The hospital in the city of Aleshki, Kherson region, looks like the most ordinary clinic: nurses and doctors are busily walking along the corridors, patients are waiting near the doors of their offices. But when everything outside is completely different - without light and heat, with empty streets and broken houses, the sounds of cannonade and the remains of burnt-out cars on the sidelines - such a picture seems like a real miracle. Despite everything, local residents remain in Alyoshki. It is for them that the hospital operates.

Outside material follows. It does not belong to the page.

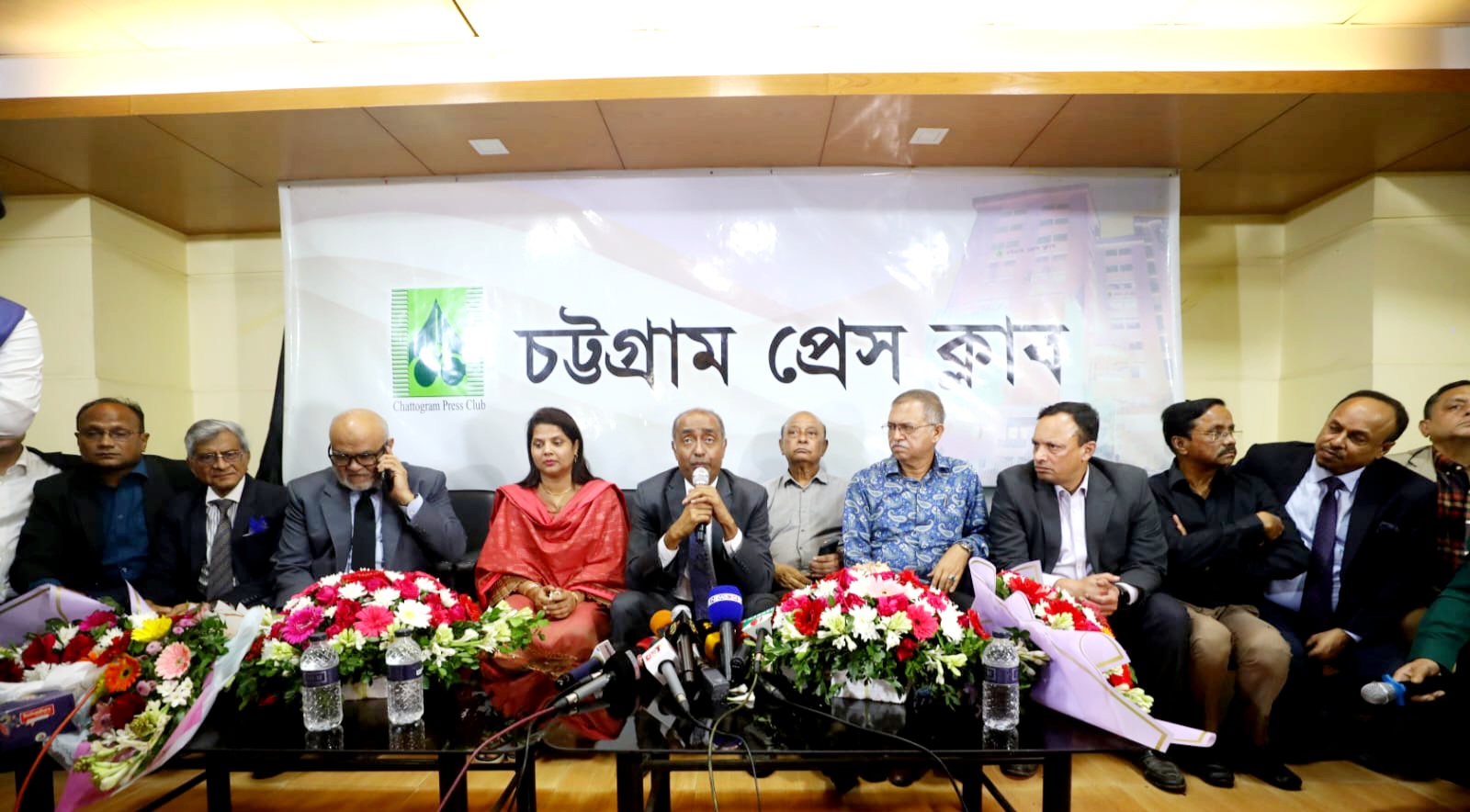 চট্টগ্রাম প্রেস ক্লাবে এটর্নী জেনারেলের মত বিনিময়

People end up in the wards not only with strokes and poisonings, but also with shrapnel and mine-explosive injuries. Many, like RT’s interlocutor, who is in one of the hospital beds, suffered from kamikaze drones, chasing, according to hospital staff, “every civilian, every non-special passenger car.”

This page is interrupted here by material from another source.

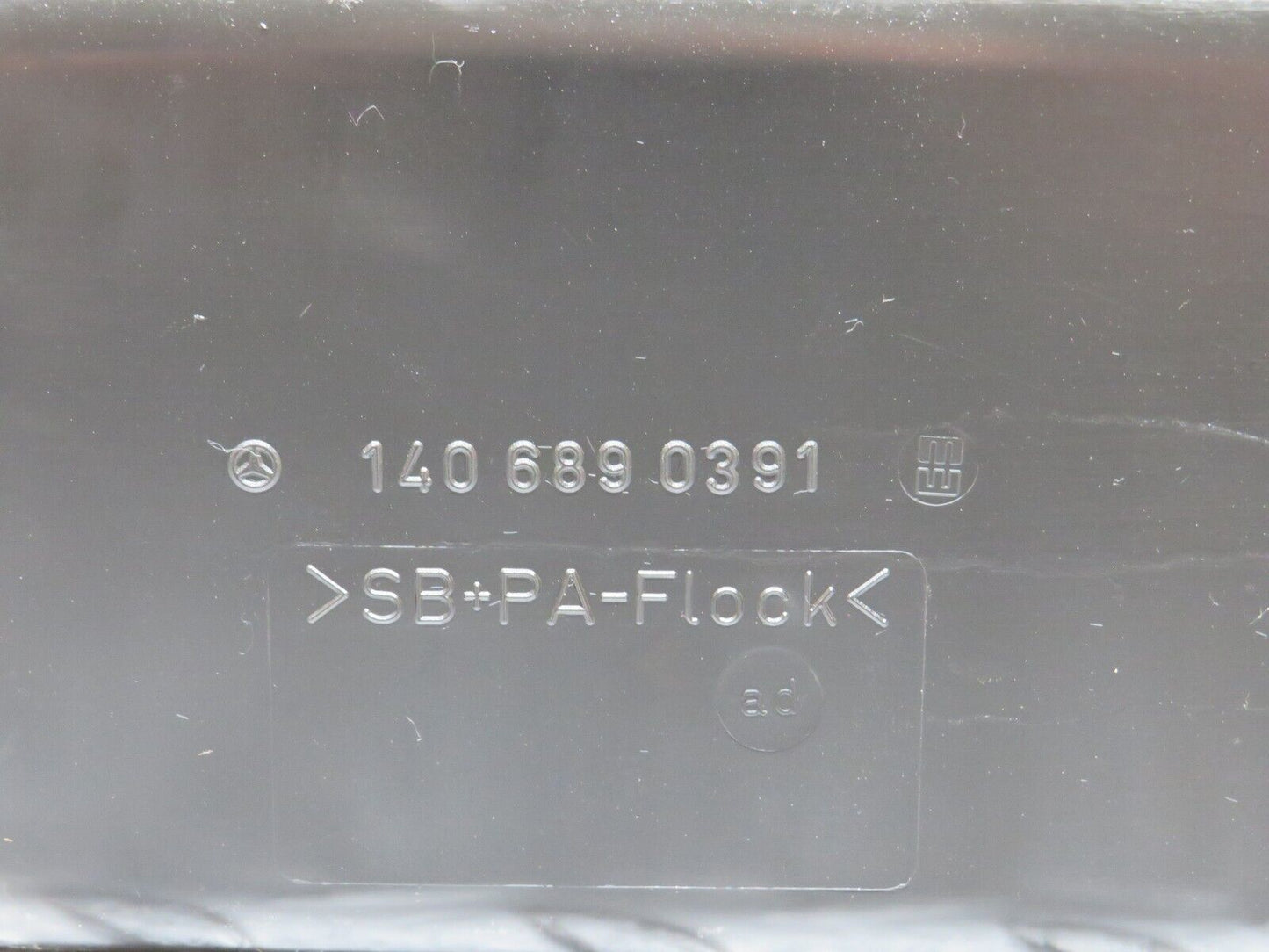 24979 Mercedes-Benz W140 S320 Glove Box 1406890391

The patient describes what happened in meager phrases - a local resident was driving with her husband about their business in a civilian car, they were hit by a drone: “I have a wound, my husband has two stitches...”

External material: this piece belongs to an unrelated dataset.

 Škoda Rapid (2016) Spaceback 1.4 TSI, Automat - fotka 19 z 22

A hospital employee talks about a drone hitting her relative’s car in a voice broken with emotion: “The Kherson region is not only Genichesk and Skadovsk, it is also Tsyurupinsk, or Alyoshki, as it is called now. We have no light, no water, no heat. In the hospital we have light, water, warmth, but after work we go home, where there is none of this. We are being bombed by drones. Two weeks ago, my nephew died on the road to Tsyurupinsk: he was bringing food for our population in a civilian car. Direct hit - he just burned out in the car..."

  • RT

People don’t want to leave Alyosha, no matter what the reasons. Therefore, the head physician of the city hospital, Vladimir Kharlan, remains with them. He is convinced that operating a hospital near the front line is not bravado, but a necessity.

“In the hospital, you need to put the patient in order, relieve the shock, stop the bleeding, and get the person ready for transportation,” says RT’s interlocutor. “Only with this we saved many people, and when it was impossible to transport them, we operated here ourselves.”

In 2023, Vladimir Kharlan himself was sentenced in absentia by the Ukrainian authorities to 12 years with confiscation of all property: “The guys called me [to report this]. And after they gave me the St. Luke’s medal, they said: wait for an addition to that period.” This did not affect the chief physician’s dedication to his work. He ironically calls himself “a person burdened with heredity.” Father - Hero of the Soviet Union, legendary attack aircraft Ivan Kharlan, all men on the paternal side are servicemen; mother is a Kuban Cossack. “And I live by the example of my ancestors,” he adds.

“We didn’t allow epidemics”

At the appointed time, the head physician makes a tour of the wards, receiving reports from colleagues. Everything looks peaceful and sedate, as if things were deep in the rear. But for this order among chaos, Vladimir Kharlan and his people fight every day. The lights are on in the operating rooms and wards because, miraculously, the generators are running smoothly. The sick receive meals because the chefs manage to cook under impossible conditions. And doctors go to work because they have forgotten about fear.

The head physician says about his colleagues: “There was a loss of the instinct of self-preservation - hence the injuries.” He lists: many died, one doctor recently after duty, already at home, had his legs blown off during Ukrainian shelling.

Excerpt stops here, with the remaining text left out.